Content starts

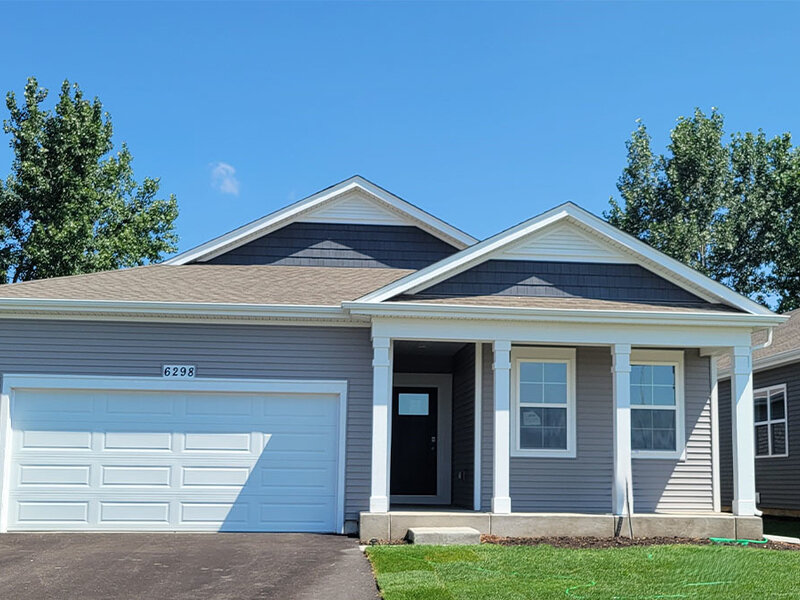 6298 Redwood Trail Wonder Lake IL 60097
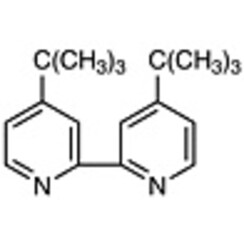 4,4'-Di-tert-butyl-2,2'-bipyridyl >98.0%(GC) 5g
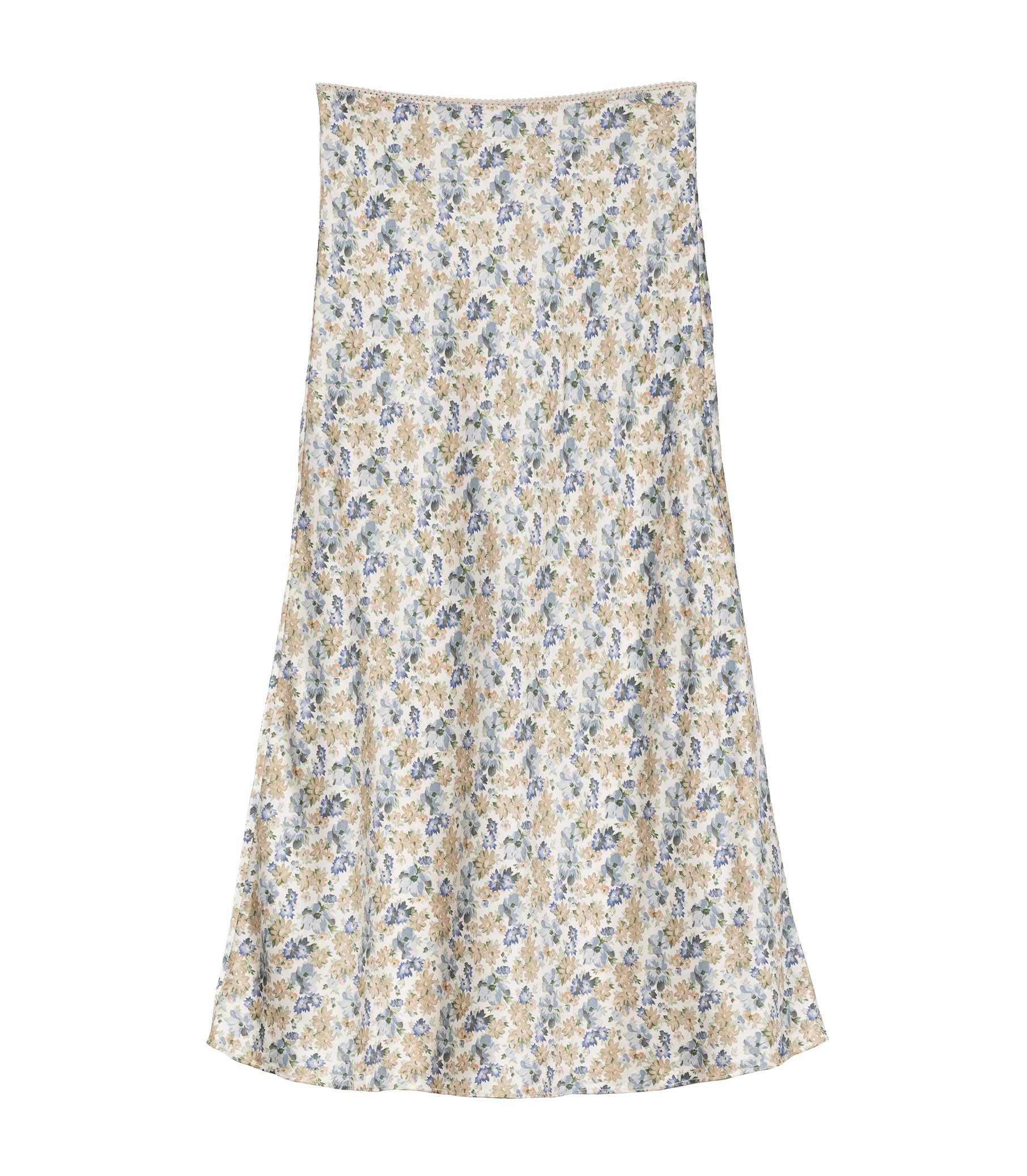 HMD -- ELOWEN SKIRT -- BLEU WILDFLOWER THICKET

Content ends
Content starts

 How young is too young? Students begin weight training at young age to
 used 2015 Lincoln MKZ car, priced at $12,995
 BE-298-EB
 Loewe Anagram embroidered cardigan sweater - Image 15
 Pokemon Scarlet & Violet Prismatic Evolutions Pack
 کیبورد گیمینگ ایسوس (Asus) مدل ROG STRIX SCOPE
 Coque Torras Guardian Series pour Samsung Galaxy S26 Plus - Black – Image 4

Content ends
Content starts

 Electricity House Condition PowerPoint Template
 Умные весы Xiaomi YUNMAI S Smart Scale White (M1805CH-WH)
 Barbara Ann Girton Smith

Content ends

WHAT TO PRODUCE:
The reply should consist solely of the lines above from the one that has "Умные весы Xiaomi" through the one that has "Barbara Ann Girton Smith", reproduced exactly.

RESULT OF THIS TASK:
 Умные весы Xiaomi YUNMAI S Smart Scale White (M1805CH-WH)
 Barbara Ann Girton Smith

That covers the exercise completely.